I have no clue about the car’s fuel economy, which I’m sure will warrant a hefty gas guzzler tax. But that’s not the point of this car. If you have to ask about fuel economy, you may not be able to afford to feed the beast. And speaking of affordability, it’s impossible to call a $200,000 two-seat sports car affordable, but it’s actually more likable than the SLR McLaren was, less than half the price, and basically matches the doomed joint-venture product from nearly all performance measures. Just be careful with the options list; the carbon-fiber interior trim package on the test cars rings in at $4,500, the gray paint is another $1,500 minimum. The Bang & Olufsen sound system – which was magnificent, by the way, though I only tried it in the name of writing as comprehensive of a piece as I could, since I preferred the sound of the exhaust by far.
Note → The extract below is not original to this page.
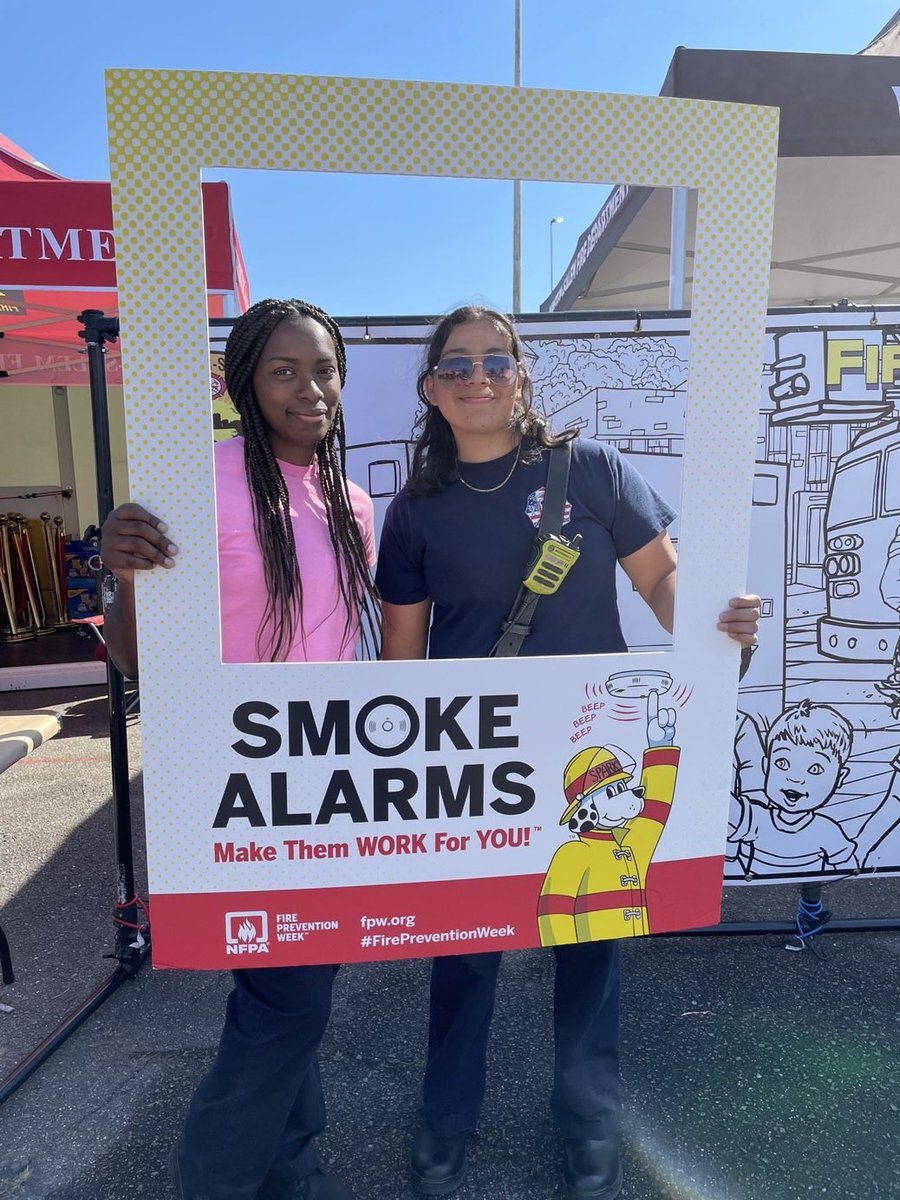 cityofwsfire's tweet image. Spring up, peeps, time to test those smoke alarms! 🔔🔥 A quick check today could save lives. #WSFire #SpringForward
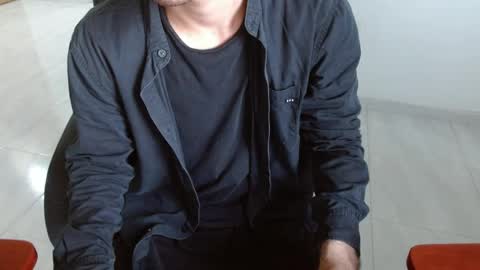 Aureliano online show from April 2026 10:42:02 PM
Carbon ceramic brakes will set you back about $12,000 as well, and there are additional carbon fiber trim pieces and other sundry options available for a few thousand here and there as well.
I had the good fortune of driving an Audi R8 4.2 6MT just a few hours after my time driving the SLS AMG, and I felt that for about half the price, the R8 was better than half as good as the SLS. Though the R8 didn’t draw the crowd that the SLS did, that may be only because it’s a more familiar shape at this point. With that being said, I was thankful for the opportunity to burn some hydrocarbons in a car that future generations of gearheads will surely stand in awe of.